CIAC chairman Nestor Mangio also said in an interview here that the resolution also asked for a probe on the P20 million allegedly missing from the sale of scrap materials from the demolished buildings purportedly earmarked as donation to Aeta folk.
The board also issued a resolution asking CIAC president and chief executive officer Victor Jose Luciano to go on leave pending the investigation to be conducted by the Ombudsman.
“He told me, however, that he had already filed his resignation addressed to President Aquino,” said Mangio, adding though that Luciano’s resignation would not affect the Ombudsman’s probe.
Mangio said the Ombudsman could file a case before the Sandiganbayan should its fact-finding team confirm alleged anomalies in the demolitions.
Luciano gave the go-signal for the demolitions, after Malacañang approved the requests of three Aeta groups for donation of scrap materials from the demolished buildings.
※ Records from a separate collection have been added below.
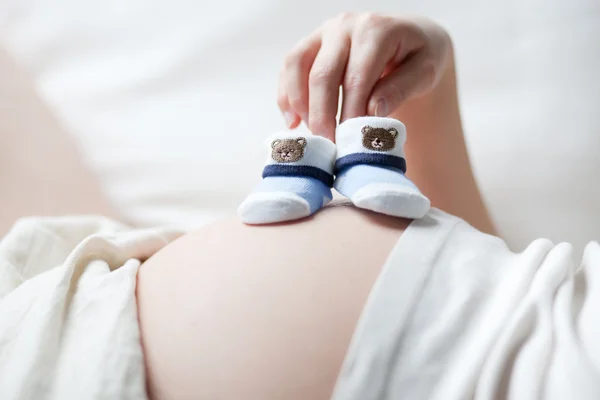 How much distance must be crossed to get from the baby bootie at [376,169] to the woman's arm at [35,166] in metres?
0.79

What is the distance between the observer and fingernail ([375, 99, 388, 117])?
56 centimetres

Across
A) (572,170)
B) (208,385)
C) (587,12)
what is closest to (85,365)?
(208,385)

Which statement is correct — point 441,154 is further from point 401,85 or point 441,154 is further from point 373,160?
point 373,160

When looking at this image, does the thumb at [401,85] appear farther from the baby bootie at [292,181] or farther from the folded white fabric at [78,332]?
the folded white fabric at [78,332]

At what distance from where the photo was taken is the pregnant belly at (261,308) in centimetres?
34

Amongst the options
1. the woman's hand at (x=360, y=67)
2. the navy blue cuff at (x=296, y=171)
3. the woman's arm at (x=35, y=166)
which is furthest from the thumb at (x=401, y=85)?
the woman's arm at (x=35, y=166)

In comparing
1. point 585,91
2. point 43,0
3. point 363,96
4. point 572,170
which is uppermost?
point 43,0

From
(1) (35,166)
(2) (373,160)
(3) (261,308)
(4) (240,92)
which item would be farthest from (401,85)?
(1) (35,166)

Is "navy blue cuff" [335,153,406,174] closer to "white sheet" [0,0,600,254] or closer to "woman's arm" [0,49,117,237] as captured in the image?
"white sheet" [0,0,600,254]

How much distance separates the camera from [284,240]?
41 centimetres

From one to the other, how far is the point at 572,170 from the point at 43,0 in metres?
1.05

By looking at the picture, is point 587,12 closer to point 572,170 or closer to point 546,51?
point 546,51

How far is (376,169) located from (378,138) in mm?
31

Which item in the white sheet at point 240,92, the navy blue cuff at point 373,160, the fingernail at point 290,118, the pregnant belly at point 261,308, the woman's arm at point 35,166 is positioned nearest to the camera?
the pregnant belly at point 261,308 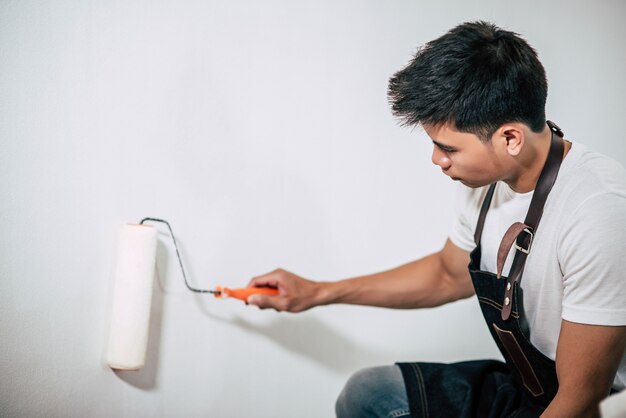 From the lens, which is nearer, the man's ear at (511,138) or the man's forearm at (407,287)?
the man's ear at (511,138)

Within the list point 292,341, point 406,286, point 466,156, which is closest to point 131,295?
point 292,341

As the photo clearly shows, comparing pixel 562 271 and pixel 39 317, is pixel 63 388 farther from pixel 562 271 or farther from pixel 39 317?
pixel 562 271

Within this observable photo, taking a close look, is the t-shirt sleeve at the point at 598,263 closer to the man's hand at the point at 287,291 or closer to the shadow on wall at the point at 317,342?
the man's hand at the point at 287,291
Earlier, the CIAC board’s fact-finding committee came out with a recommendation of “at the very least a reprimand” for Luciano over the controversial demolitions.
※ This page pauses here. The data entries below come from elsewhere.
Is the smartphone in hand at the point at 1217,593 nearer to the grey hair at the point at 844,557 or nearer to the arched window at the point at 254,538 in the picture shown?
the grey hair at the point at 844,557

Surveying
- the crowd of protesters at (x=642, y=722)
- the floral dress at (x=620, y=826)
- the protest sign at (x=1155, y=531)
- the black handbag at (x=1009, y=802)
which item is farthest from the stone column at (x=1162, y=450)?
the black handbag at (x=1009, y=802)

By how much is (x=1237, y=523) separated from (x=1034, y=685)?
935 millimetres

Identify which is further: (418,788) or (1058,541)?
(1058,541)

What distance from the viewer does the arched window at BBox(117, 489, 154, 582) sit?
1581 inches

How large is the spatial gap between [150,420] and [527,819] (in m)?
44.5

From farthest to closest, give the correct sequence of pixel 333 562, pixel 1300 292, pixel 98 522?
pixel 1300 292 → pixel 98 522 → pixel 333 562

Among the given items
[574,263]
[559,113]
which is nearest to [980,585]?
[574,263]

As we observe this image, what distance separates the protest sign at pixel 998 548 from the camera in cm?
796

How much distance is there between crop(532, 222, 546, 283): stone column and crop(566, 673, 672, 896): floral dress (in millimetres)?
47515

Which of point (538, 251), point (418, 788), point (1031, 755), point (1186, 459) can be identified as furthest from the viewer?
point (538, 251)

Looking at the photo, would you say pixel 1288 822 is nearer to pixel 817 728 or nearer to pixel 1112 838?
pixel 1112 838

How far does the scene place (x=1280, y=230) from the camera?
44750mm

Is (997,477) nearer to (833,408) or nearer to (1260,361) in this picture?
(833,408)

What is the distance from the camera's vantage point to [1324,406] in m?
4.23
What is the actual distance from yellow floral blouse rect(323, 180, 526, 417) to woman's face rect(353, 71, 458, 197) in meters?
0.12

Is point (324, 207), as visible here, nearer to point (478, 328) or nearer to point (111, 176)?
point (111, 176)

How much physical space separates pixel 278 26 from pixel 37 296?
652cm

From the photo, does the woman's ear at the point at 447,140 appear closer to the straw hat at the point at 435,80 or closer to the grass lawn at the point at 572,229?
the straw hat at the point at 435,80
Mangio cited contractors’ estimate that the scrap materials from the demolished buildings were worth some P33.5 million. This, as an “intermediary” of the Aetas said that only P13 million went to the tribal folk.
Luciano, who authorized the demolition of 17 unused buildings here, said the fact-finding committee “did not follow due process” before it came out with its final report to the CIAC board.
Earlier, scrap dealer Josie Gomez, who acted as an intermediary between the Aetas led by chieftain Oscar Dizon and buyers of the scrap materials, said she raised P9.5 million from the sale of scrap materials from only 11 buildings.
She claimed to have used P4.5 million of this amount for a day care center and jetmatic pumps for Aeta villages in Bamban, Tarlac, and that the rest was given in cash to the Aetas on installment basis since the demolitions started last year.
Gomez said that even earlier, she sold scrap materials worth P3.5 million from two other buildings for the benefit of the Bamban Aeta Tribal Association headed by Oscar Rivera.
Rivera, however, insisted he got only P15,000 and 100 sacks of rice from Gomez.
Another supposed beneficiary was Aeta Catalino Saplala who requested Malacañang for the use of two of the unused buildings.
Saplala, however, said he was surprised when a certain Roger from the CIAC told him that the two buildings he requested for was already demolished and had a buyer of scrap materials. He said he got only P50,000 from the deal.
The CIAC committee report also noted that Luciano failed to give a “complete accounting of all the proceeds of the sale of the 17 buildings demolished.”
It also noted that the demolished buildings still had “commercial value” and were “economically repairable.”
Despite this, however, the CIAC board admitted that the state-run firm’s “matrix” on Luciano’s authority to make donations is silent on limitations for such acts.
Luciano insisted he did not violate the circular of the Department of Budget and Management on donations which he said covers only government agencies with funds from general appropriations.
He, however, admitted that rulings of the Commission on Audit might have been violated.
He said the fact-finding team’s estimate of the value of the scrap materials was largely “guesswork” and that he did not have any idea of their worth when he approved the demolitions.